> **ABOUT THIS EXERCISE**: Copy, pictures aside: the lines below from the one that holds "Side view of" through the final line of the listing, both ends included, exactly as they are and nothing else.

> **RAW DATA**:
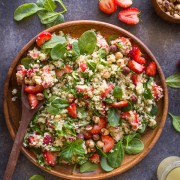Strawberry Couscous Spinach Salad - A bright and cheery spring time salad with strawberries, couscous, spinach, feta, hazelnuts and an almond vinaigrette.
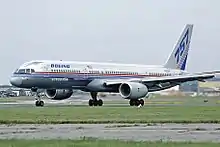 Side view of silver twin-engine jet taxiing on runway, with deployed flaps and "757" markings on tail.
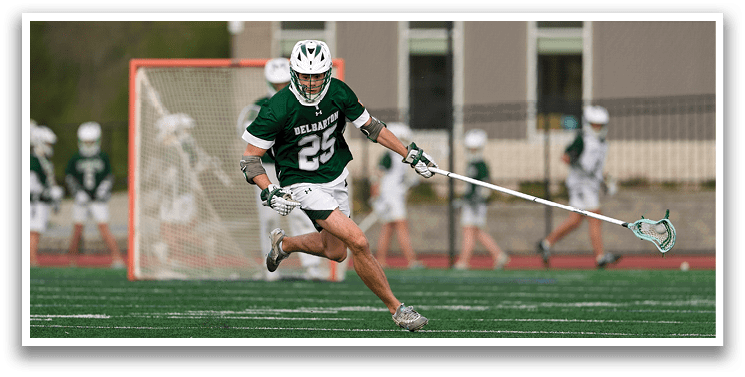 A man wearing a green and white jersey is running on a field with a lacrosse stick. Description generated by AI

> **ANSWER TO THIS PROBLEM**:
 Side view of silver twin-engine jet taxiing on runway, with deployed flaps and "757" markings on tail.
 A man wearing a green and white jersey is running on a field with a lacrosse stick. Description generated by AI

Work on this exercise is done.